* **WHAT THIS TASK INVOLVES**:
Write the lines below out exactly, dropping each picture.

::: EXCERPTED RECORDS :::

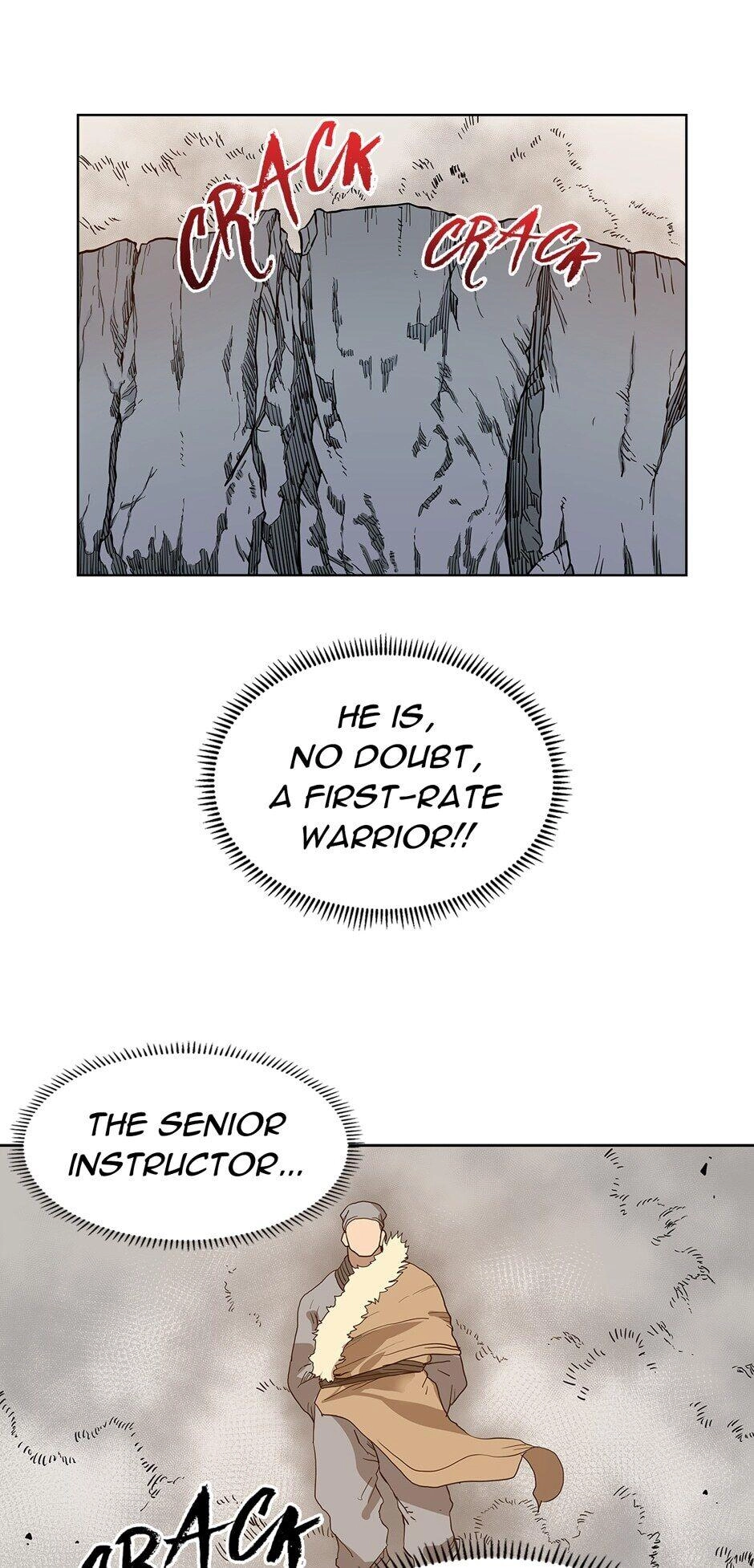 Heavenly Demon Reborn! Chapter 5, page 6 of 45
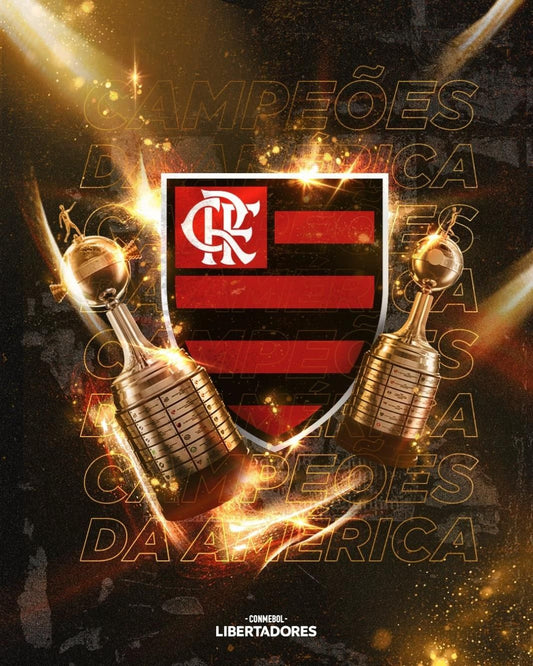 GIFT CARD FLAMENGO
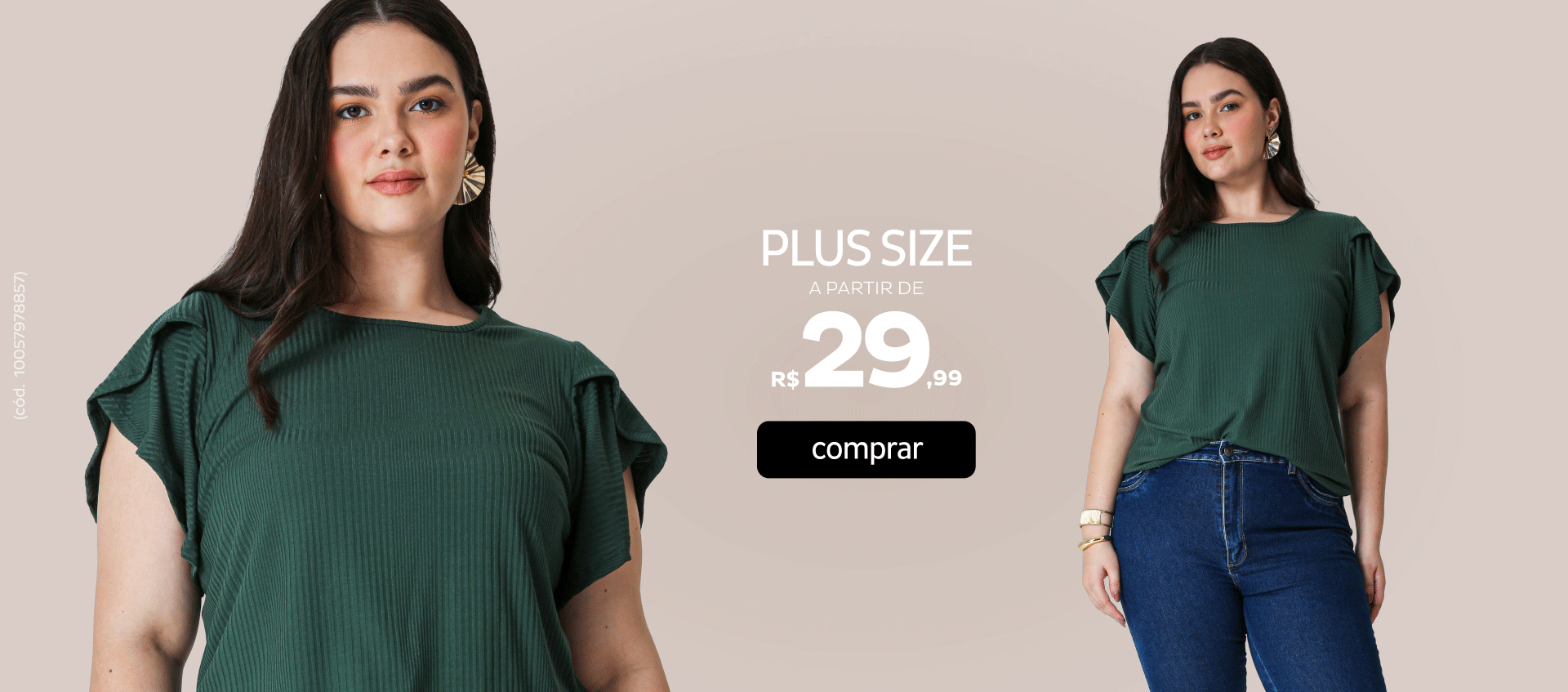 Plus Size Plus Size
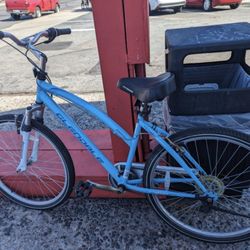 Kent 26" Glendale Women's Cruiser Bike, Blue  model GS52685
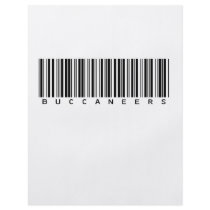 buccaneers flyers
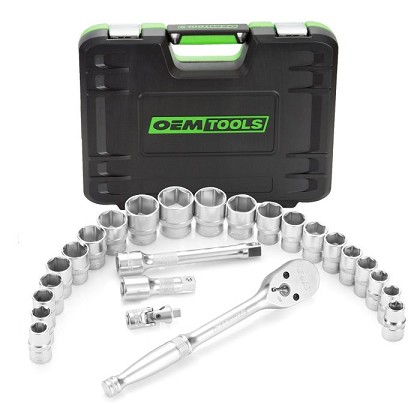 OEM Tools 23995 | 26 Piece 1/2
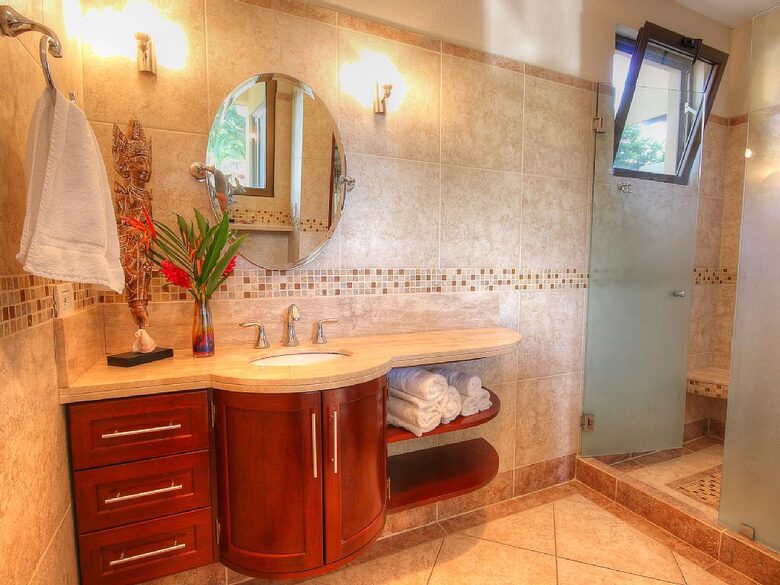 Luxury Ocean View Villa with 5 Star Personalized Service - Playa Samara, Costa Rica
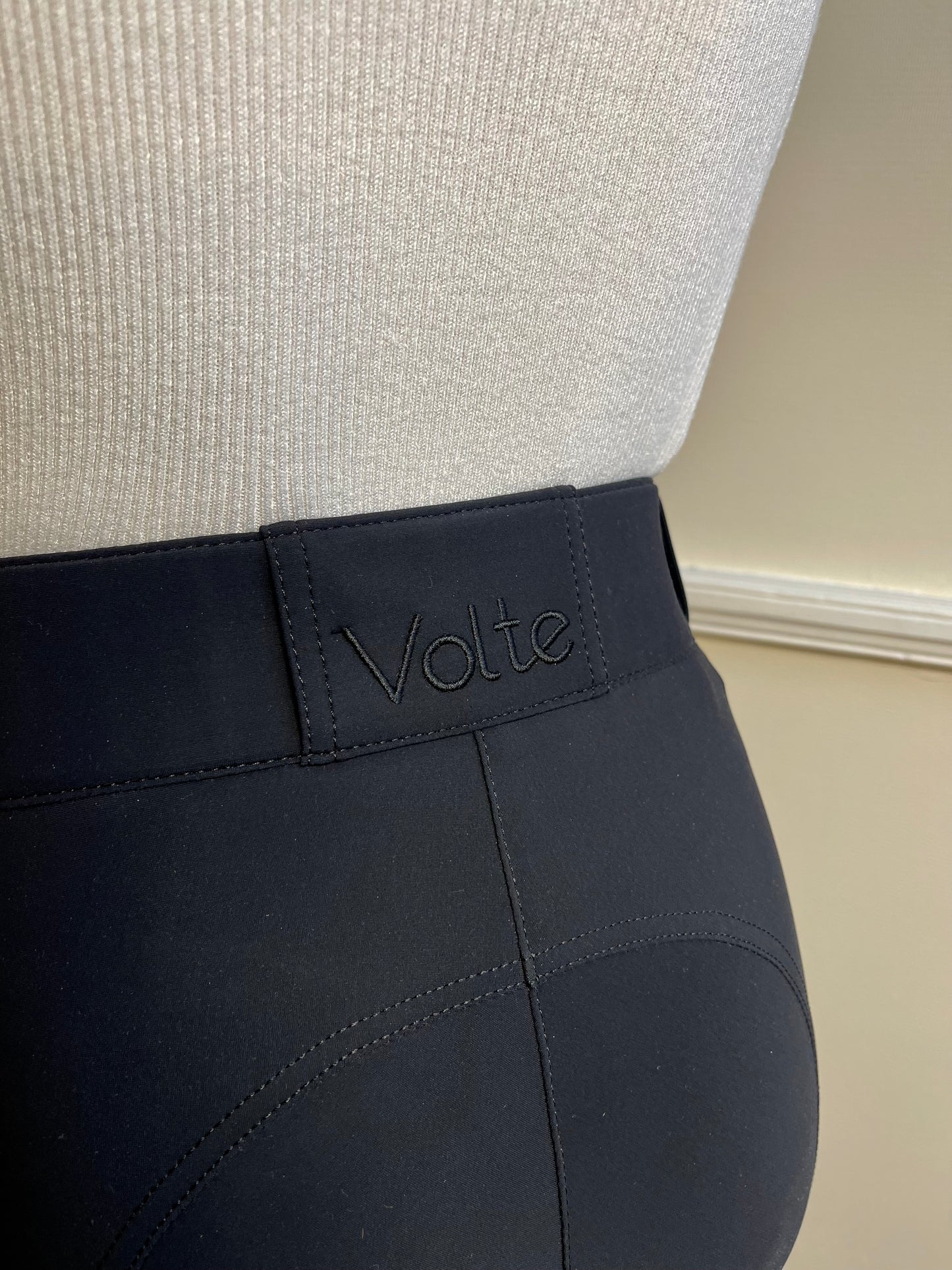 Pantalon Le Distingué - Noir
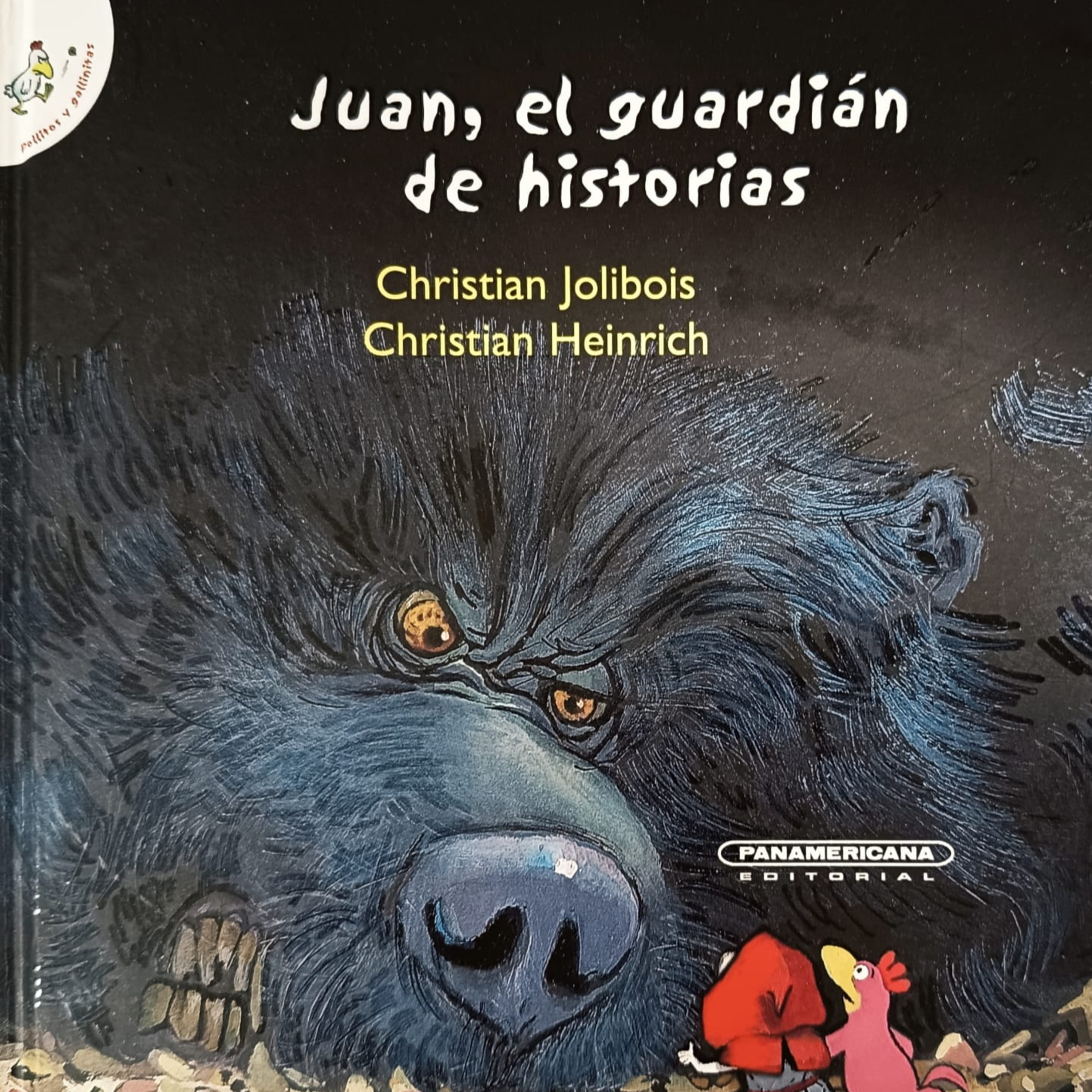 Contando Cuentos Infantiles Con Amor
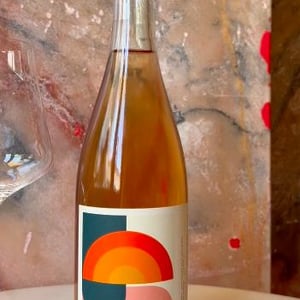 Summertime : Le Ciel Est Bleu - Domaine Calvez-Bobinet - sebastien-bobinet-emeline-calvez -2021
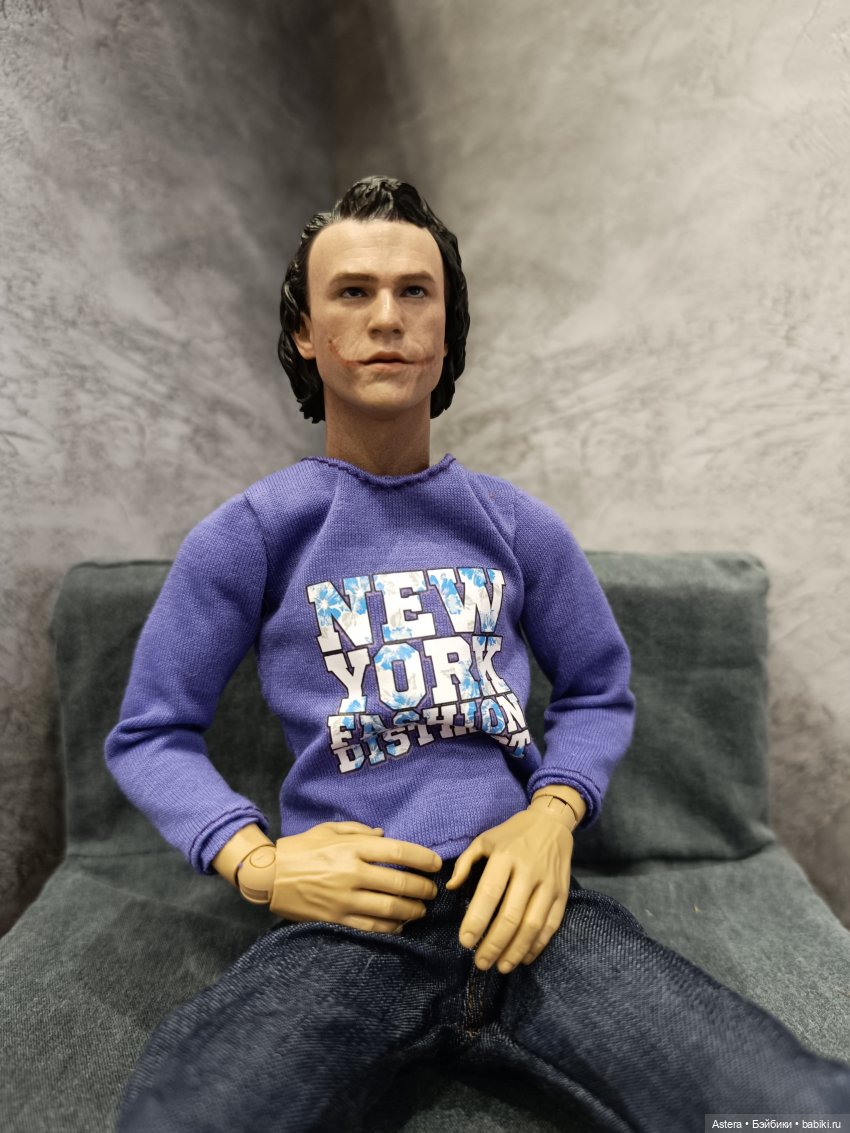 Фотосессия Элизабет и Вильяма (фото 5)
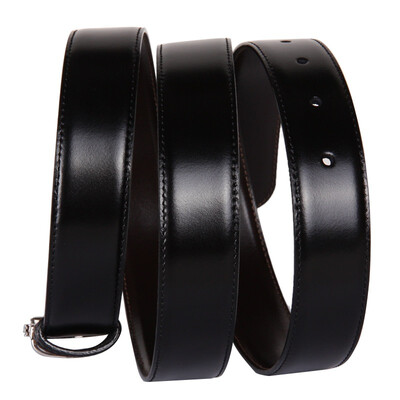MONTBLANC Montblanc Men's Classic Black 
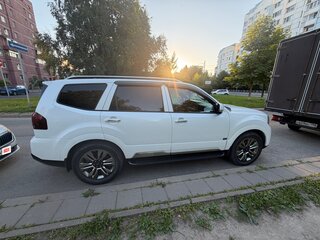 2022 Kia Mohave I Рестайлинг 2, белый, 5750000 рублей, вид 2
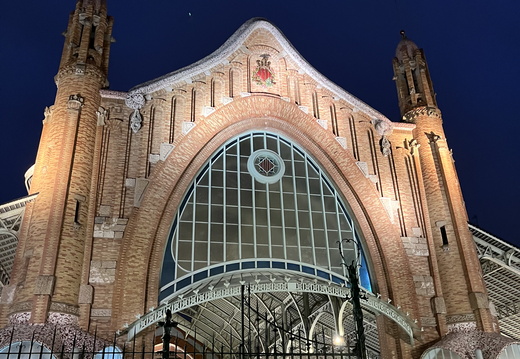 Valencia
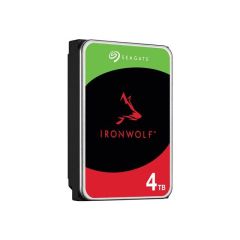 Seagate IronWolf ST4000VN006 Hard drive 4 TB ST4000VN006
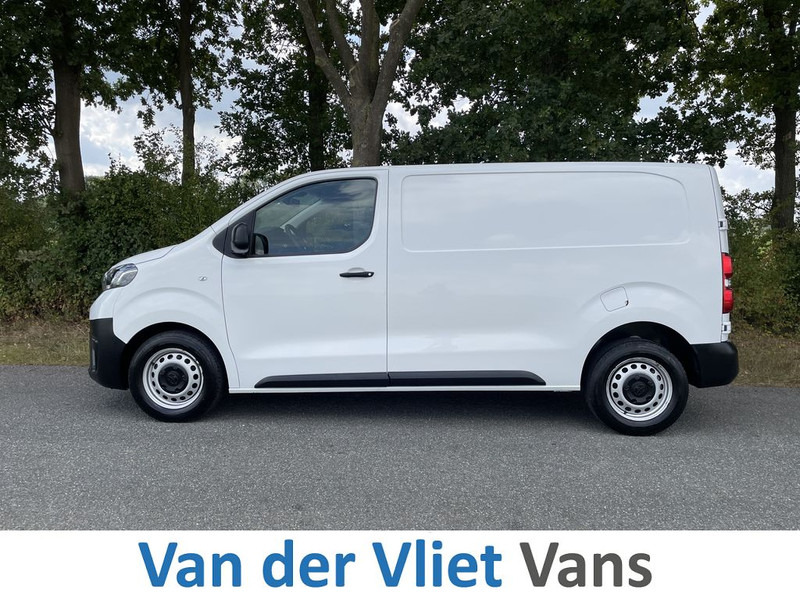 Toyota ProAce 2.0 D-4D 123 pk E6 Automaat L2 Lease €299p/m, Airco, Navi, Camera, PDC, Cruise controle, Onderhoudshistorie aanwezig - 소형 밴 : 사진 5 Toyota ProAce 2.0 D-4D 123 pk E6 Automaat L2 Lease €299p/m, Airco, Navi, Camera, PDC, Cruise controle, Onderhoudshistorie aanwezig - 소형 밴 : 사진 5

:::

* **RESULT FOR THIS TASK**:
 Heavenly Demon Reborn! Chapter 5, page 6 of 45
 GIFT CARD FLAMENGO
 Plus Size Plus Size
 Kent 26" Glendale Women's Cruiser Bike, Blue  model GS52685
 buccaneers flyers
 OEM Tools 23995 | 26 Piece 1/2
 Luxury Ocean View Villa with 5 Star Personalized Service - Playa Samara, Costa Rica
 Pantalon Le Distingué - Noir
 Contando Cuentos Infantiles Con Amor
 Summertime : Le Ciel Est Bleu - Domaine Calvez-Bobinet - sebastien-bobinet-emeline-calvez -2021
 Фотосессия Элизабет и Вильяма (фото 5)
MONTBLANC Montblanc Men's Classic Black 
 2022 Kia Mohave I Рестайлинг 2, белый, 5750000 рублей, вид 2
 Valencia
 Seagate IronWolf ST4000VN006 Hard drive 4 TB ST4000VN006
 Toyota ProAce 2.0 D-4D 123 pk E6 Automaat L2 Lease €299p/m, Airco, Navi, Camera, PDC, Cruise controle, Onderhoudshistorie aanwezig - 소형 밴 : 사진 5 Toyota ProAce 2.0 D-4D 123 pk E6 Automaat L2 Lease €299p/m, Airco, Navi, Camera, PDC, Cruise controle, Onderhoudshistorie aanwezig - 소형 밴 : 사진 5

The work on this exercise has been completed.